Но, когда я пишу эти нити воспоминаний, откуда берется это щемящее чувство, что вместо того, чтобы пережить эти события, я их упустил? Всякое прошлое, каким бы насыщенным и захватывающим оно ни было, это все же… прошлое. Оно предало нас тем, что прошло. Именно этого не могут принять те, кто идеализирует шестьдесят восьмой: что та эпоха, в некотором смысле, нас подвела. Не только потому, что породила невыполнимые обещания и ожидания. Глубоко внутри прошлое щемит наши сердца, потому что напоминает нам, что наша жизнь могла быть иной — не лучшей, а просто иной. И что невсе было пережито. Безумие! Как мы могли пережить все? И все же, именно это было нашим безграничным проектом: пережить все, пройти весь путь, и днем и ночью осушая бескрайний океан банальности.

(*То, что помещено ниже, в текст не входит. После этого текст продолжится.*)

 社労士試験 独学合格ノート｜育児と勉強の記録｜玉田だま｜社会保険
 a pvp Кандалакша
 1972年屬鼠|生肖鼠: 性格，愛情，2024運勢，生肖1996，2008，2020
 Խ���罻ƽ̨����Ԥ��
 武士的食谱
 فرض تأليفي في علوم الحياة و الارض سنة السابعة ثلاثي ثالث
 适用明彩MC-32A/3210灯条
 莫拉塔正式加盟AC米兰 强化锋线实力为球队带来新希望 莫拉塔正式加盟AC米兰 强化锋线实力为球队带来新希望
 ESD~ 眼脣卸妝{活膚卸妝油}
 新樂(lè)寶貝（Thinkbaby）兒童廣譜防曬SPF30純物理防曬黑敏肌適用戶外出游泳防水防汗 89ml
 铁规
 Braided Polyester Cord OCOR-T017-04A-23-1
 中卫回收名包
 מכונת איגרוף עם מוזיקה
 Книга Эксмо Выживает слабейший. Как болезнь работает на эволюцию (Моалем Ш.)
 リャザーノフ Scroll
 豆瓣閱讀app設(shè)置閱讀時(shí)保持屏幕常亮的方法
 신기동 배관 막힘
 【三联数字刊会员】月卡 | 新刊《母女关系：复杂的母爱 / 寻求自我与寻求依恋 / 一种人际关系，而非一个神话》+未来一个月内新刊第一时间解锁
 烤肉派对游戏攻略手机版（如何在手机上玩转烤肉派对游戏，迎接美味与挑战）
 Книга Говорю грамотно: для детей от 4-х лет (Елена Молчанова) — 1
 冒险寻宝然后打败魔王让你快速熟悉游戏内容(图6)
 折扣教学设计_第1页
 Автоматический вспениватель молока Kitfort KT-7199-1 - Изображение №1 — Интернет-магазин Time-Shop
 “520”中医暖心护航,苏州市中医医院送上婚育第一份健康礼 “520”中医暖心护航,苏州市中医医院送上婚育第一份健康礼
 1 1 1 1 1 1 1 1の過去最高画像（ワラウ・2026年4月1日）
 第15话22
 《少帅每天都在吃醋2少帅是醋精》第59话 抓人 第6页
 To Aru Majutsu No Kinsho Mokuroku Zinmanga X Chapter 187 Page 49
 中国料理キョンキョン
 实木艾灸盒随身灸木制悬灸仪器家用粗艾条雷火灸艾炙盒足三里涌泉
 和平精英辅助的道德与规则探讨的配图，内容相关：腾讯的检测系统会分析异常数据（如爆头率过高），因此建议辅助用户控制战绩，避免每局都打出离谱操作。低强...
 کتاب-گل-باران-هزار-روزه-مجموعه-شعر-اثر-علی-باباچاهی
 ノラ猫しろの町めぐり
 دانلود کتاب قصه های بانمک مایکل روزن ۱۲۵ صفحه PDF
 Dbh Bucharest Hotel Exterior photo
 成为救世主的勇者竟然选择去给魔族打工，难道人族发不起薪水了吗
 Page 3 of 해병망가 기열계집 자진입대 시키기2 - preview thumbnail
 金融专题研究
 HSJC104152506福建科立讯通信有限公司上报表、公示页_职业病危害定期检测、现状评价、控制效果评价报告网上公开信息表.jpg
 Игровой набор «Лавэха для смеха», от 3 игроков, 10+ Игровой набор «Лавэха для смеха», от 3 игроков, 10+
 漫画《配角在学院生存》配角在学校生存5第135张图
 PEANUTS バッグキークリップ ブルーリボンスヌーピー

Итак, мысленно возвращаясь ко времени, когда мы жили столь полной жизнью, в конечном счете я воспринимаю все это как упущенный опыт. Только ли я чувствую это, или же и многие другие, пережившие эти события?

Примечания

[1]. Слова Путина: «Нужно быть бессердечным, чтобы не сожалеть о распаде СССР. Нужно быть безголовым, чтобы желать его восстановления».

[2] «Париж меняется, но неизменно горе! / Фасады новые, помосты и леса, / Предместья старые — все полно аллегорий / Для духа, что мечтам о прошлом отдался».

[3] Мне не очень нравится об этом говорить, но, по-моему, различие между двумя ведущими западными коммунистическими партиями проистекало из того, что руководство ПКФ было родом из рабочего класса, тогда как в ПКИ преобладали более гибкие представители среднего класса и интеллектуалы.